### Task requirements
Here is the task for the listing below: output exactly the lines from the one containing "An elderly person, wearing" through the one containing "Bokeh light, shimmering", and leave out the pictures.

### Task inputs
______

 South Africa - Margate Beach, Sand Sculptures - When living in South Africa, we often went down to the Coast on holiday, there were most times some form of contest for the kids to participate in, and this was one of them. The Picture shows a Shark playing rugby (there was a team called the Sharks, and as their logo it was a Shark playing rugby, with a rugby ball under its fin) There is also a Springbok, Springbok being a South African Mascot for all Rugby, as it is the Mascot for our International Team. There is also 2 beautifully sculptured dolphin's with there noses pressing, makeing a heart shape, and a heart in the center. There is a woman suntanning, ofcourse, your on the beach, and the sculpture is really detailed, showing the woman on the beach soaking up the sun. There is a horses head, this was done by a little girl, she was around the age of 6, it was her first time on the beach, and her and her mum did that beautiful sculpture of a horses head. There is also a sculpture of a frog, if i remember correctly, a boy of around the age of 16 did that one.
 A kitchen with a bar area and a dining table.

______

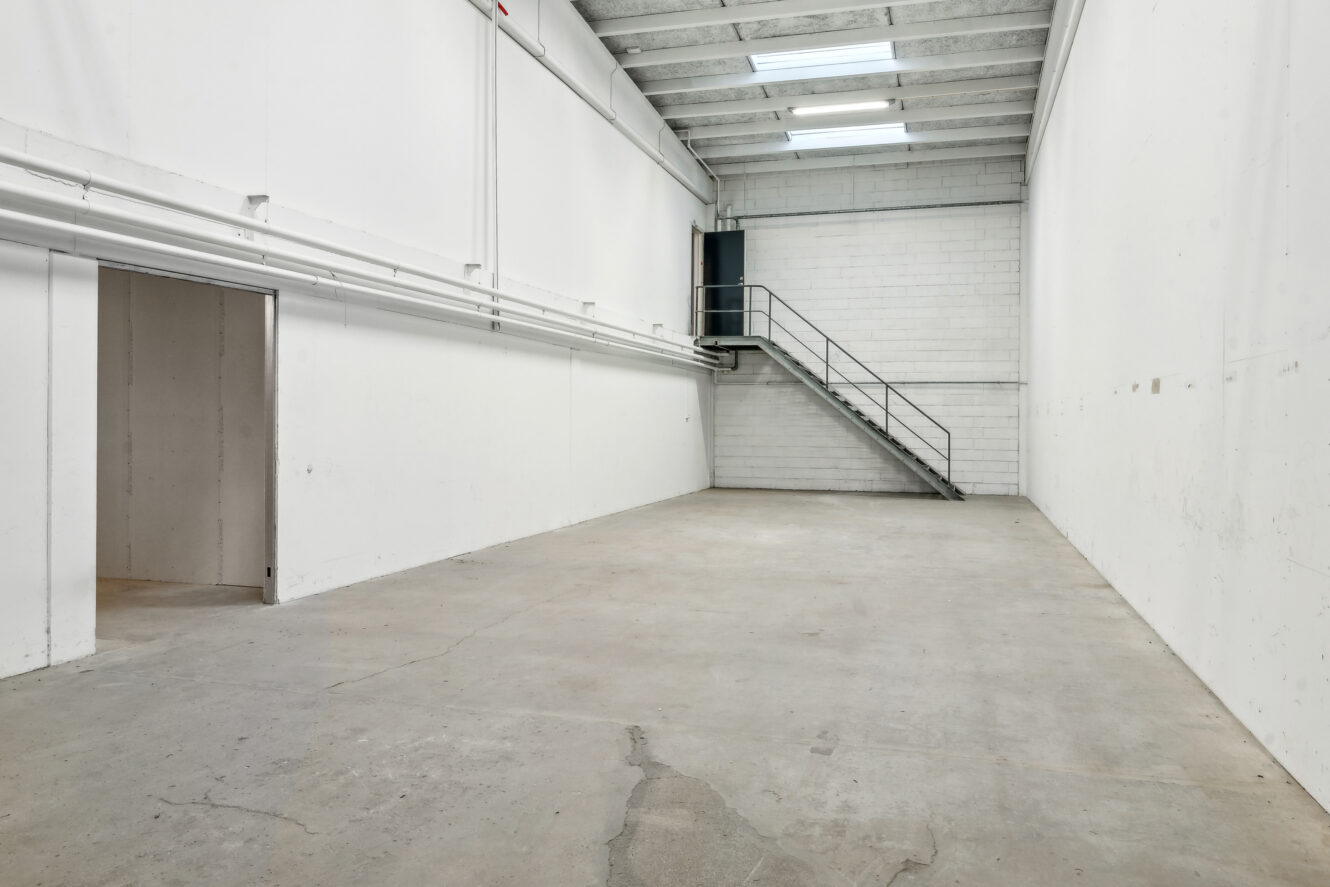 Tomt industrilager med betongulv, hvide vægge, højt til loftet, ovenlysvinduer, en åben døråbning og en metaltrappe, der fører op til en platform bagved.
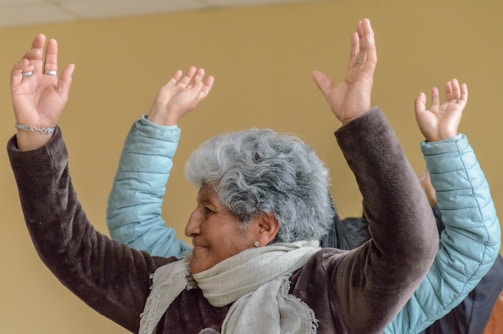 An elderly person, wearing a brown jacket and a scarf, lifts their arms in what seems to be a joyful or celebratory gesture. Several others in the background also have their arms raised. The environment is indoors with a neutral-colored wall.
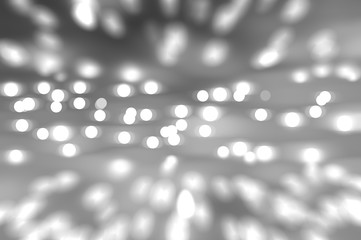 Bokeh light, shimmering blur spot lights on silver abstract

______

### Exercise output
 An elderly person, wearing a brown jacket and a scarf, lifts their arms in what seems to be a joyful or celebratory gesture. Several others in the background also have their arms raised. The environment is indoors with a neutral-colored wall.
 Bokeh light, shimmering blur spot lights on silver abstract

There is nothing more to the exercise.